Because trucks are a crucial part of any HVAC contractor’s business, it’s imperative that they be kept in good working condition, which requires constant oversight and, of course, money.

“Fleet acquisition, maintenance, and repairs can cost a lot more than necessary if you don’t monitor the expenses,” said Eric Knaak, vice president and general manager of Isaac Heating and Air Conditioning in Rochester, New York. But, if you keep a close eye on costs, he said, it’s definitely possible to reduce a company’s overall fleet expenses.


The Isaac Heating fleet consists of approximately 165 Chevy cargo vans, a handful of Ford Transits, several Chevy City Expresses, five box trucks, and a couple of stake body trucks. The company buys all its vehicles outright, then amortizes the expense over five years to the appropriate department. “This allows us to maintain our fleet while not carrying any debt on our fleet acquisition,” said Knaak.

All Isaac Heating vehicles are ordered without cargo area windows along with “hockey puck” locks on the side and rear cargo areas, which have drastically reduced problems with theft.
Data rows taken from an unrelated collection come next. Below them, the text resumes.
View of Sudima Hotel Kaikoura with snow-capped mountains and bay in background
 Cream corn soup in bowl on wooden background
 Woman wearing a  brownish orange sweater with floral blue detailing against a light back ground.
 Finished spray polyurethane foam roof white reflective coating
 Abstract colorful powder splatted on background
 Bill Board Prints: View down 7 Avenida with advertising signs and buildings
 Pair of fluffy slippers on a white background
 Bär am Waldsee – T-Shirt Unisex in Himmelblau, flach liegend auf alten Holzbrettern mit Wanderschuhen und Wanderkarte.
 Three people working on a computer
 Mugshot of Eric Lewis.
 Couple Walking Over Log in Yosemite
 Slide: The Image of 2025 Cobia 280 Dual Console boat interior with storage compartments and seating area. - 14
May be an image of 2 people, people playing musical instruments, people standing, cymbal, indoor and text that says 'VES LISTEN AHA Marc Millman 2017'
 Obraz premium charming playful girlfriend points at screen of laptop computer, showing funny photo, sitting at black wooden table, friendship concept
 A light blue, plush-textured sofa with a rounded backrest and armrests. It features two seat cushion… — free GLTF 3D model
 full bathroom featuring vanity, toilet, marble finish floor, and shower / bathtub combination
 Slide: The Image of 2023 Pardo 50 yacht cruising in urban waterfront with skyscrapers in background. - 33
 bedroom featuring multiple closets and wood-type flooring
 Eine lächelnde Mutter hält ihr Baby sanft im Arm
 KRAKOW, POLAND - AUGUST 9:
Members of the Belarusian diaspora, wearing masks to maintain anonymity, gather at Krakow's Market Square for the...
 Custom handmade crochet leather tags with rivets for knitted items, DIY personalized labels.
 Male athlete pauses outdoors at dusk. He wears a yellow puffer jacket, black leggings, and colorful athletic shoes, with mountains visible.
Each vehicle is also equipped with a bulkhead, so that if someone were to gain entry to the cab, that person would not be able to access any items in the rear cargo area. “We do ask our drivers to keep electronic devices [and their power cords] and valuables out of sight when vehicles are parked overnight or in any of the more crime-prone areas of the city. For the most part, when these procedures are followed, we seem to do pretty well.”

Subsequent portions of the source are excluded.